Al analizar el proceso asistencial, el tribunal detecta dos fallos que, aunque puedan parecer formales, en realidad son estructurales. En una de las intervenciones, el consentimiento se firma justo antes de entrar en el quirófano, sin tiempo, sin margen real para entender, pensar o incluso rechazar. En otra, directamente no consta consentimiento informado por escrito. Y aquí es donde se rompe el equilibrio.
Porque en cirugía, y más aún en procedimientos complejos y no vitales, la ley exige algo muy concreto, información previa suficiente y consentimiento válido, normalmente por escrito.
Este es el verdadero interés de la resolución. El juez separa dos planos que muchas veces se confunden. Por un lado, la corrección técnica del acto médico, y por otro, el respeto al derecho del paciente a decidir, siendo la conclusión clara, puede existir responsabilidad, aunque la práctica médica haya sido correcta.
¿Por qué?, pues porque el daño no está en el resultado clínico, sino en otra cosa.

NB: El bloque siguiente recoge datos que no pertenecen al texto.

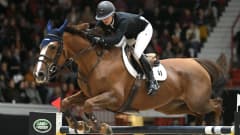 Ruotsin Angelica Augustsson Zanotelli ja Kalinka van de Nachtegaele hyppäävät esteen yli Helsinki Horse Show'ssa.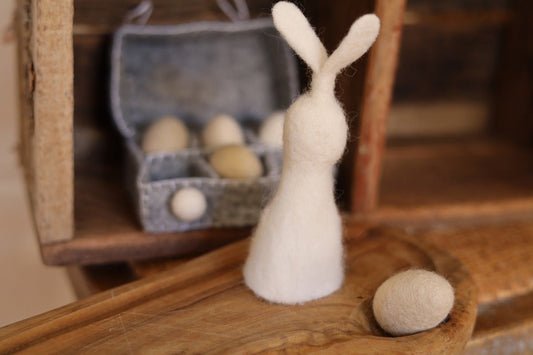 2 Eierwärmer im Hasenmotiv - 8-Natur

Lo que se indemniza no es el daño físico, sino la perdida de oportunidad.
La sentencia lo explica bien: “no se puede saber qué habría hecho la paciente si hubiera estado correctamente informada”. Quizá se habría operado igual. Quizá no. Quizá habría esperado. Quizá habría optado por otra técnica. Nunca lo sabremos. Pero lo que sí es seguro es que no pudo decidir libremente. Y esa pérdida es, en sí misma, un daño indemnizable.
Por eso, el juzgado fija una indemnización de 50.000 euros, no por mala praxis, sino por la limitación de la autonomía de la paciente, insistiendo la sentencia en que el consentimiento informado no es algo externo al acto médico, forma parte de él, es su obligación, es parte de la lex artis.
Y esto, si no se cumple tiene consecuencias muy claras.